What the task requires >>
What are the lines from the one containing "G-Star Herren Graphic" through the last line of the records below? Return them exactly, leaving out pictures.

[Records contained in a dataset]
● ● ●

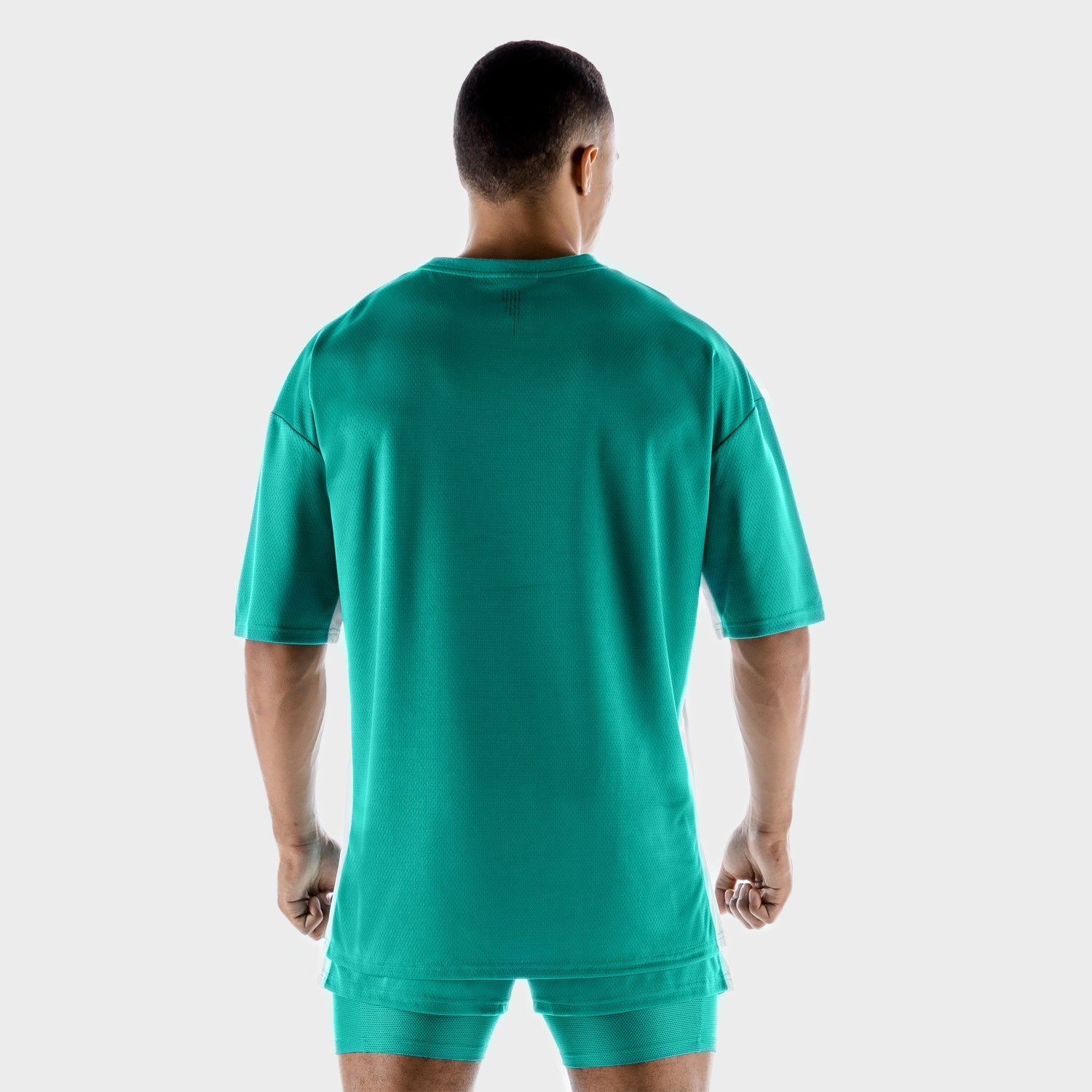 squatwolf-gym-wear-hybrid-2-0-oversize-tee-blue-workout-shirts-for-men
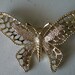 Reserved for Marina Sarah Coventry butterfly pin brooch. Gold tone. Open work.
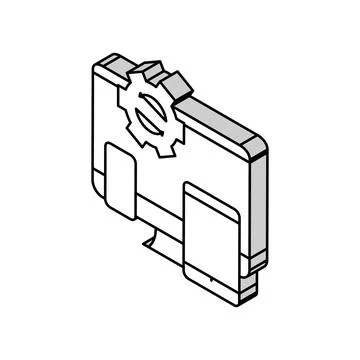 Technics optimize isometric icon vector illustration 库存插图
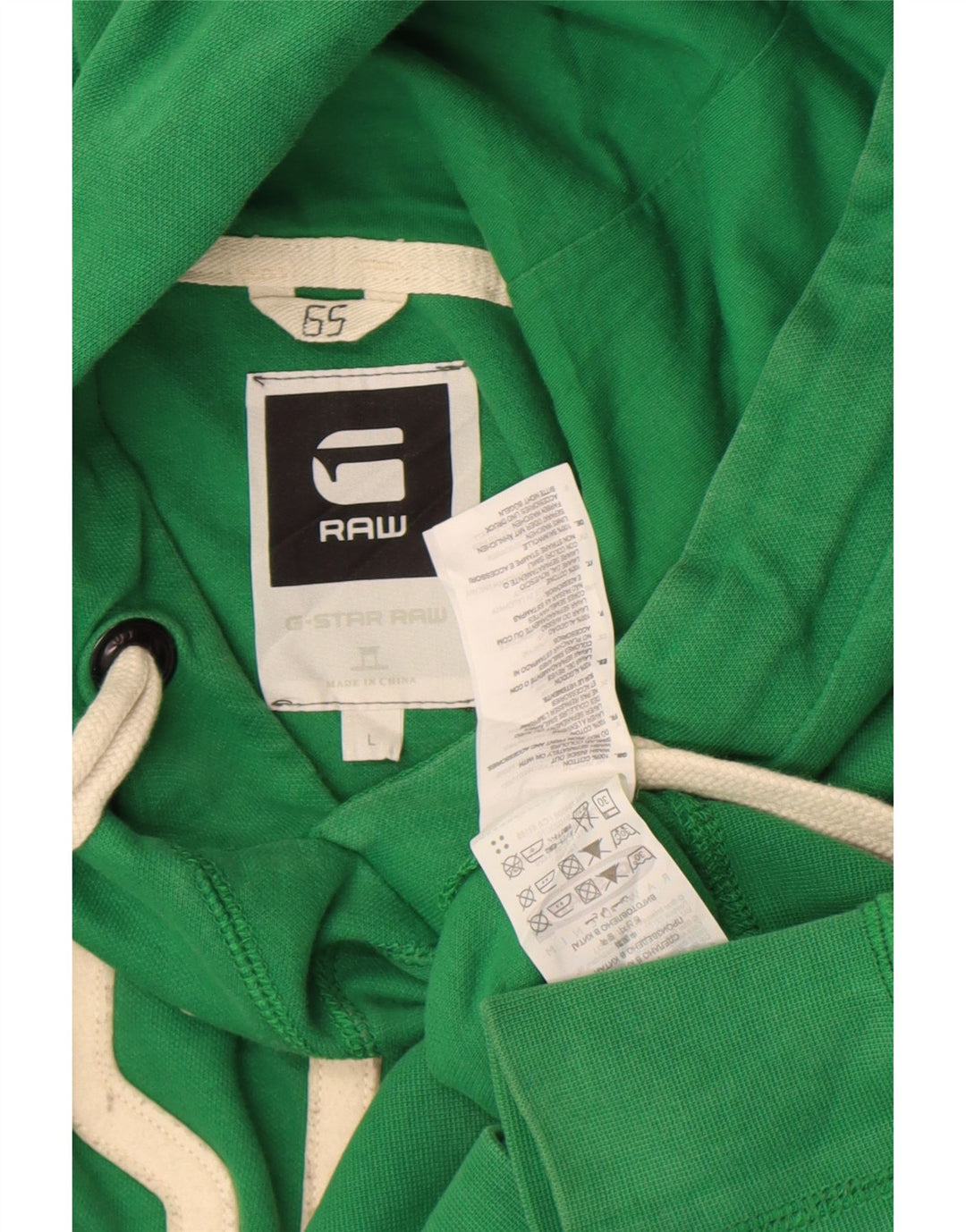 G-Star Herren Graphic Hoodie Pullover Große grüne Baumwolle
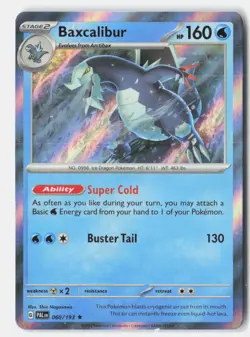 Baxcalibur Holo 060/193 Rare Paldea Evolved Pokemon Near Mint - Image 1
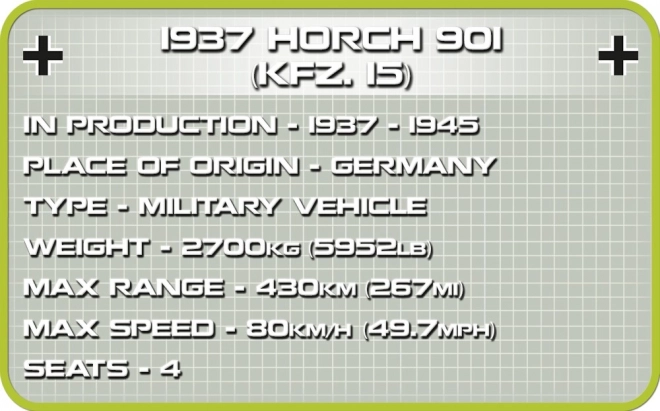 Historisches Militärfahrzeug Horch 901 von COBI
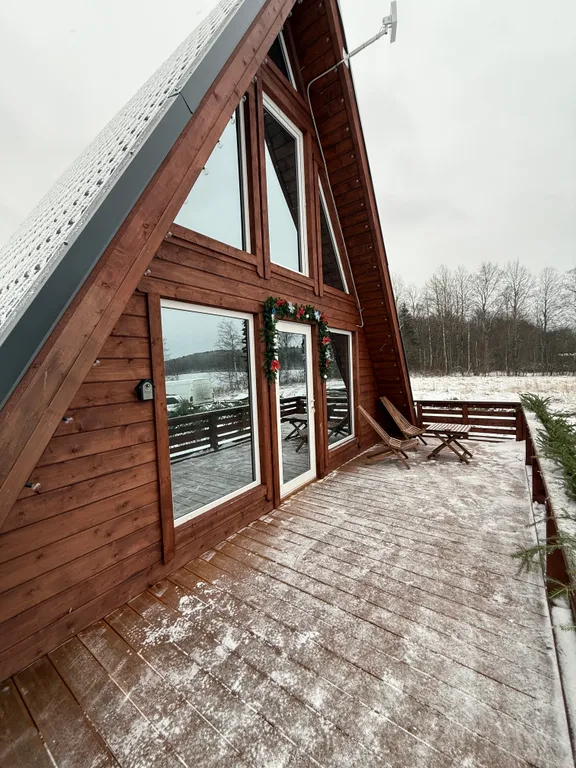 Загородный дом с баней и чаном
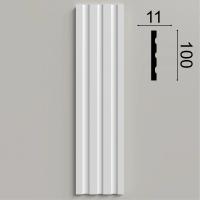Декор Дизайн Пилястра DD201 (100x11x2000мм)(22). Полимер, композит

● ● ●

Exercise answer >>
 G-Star Herren Graphic Hoodie Pullover Große grüne Baumwolle
 Baxcalibur Holo 060/193 Rare Paldea Evolved Pokemon Near Mint - Image 1
 Historisches Militärfahrzeug Horch 901 von COBI
 Загородный дом с баней и чаном
Декор Дизайн Пилястра DD201 (100x11x2000мм)(22). Полимер, композит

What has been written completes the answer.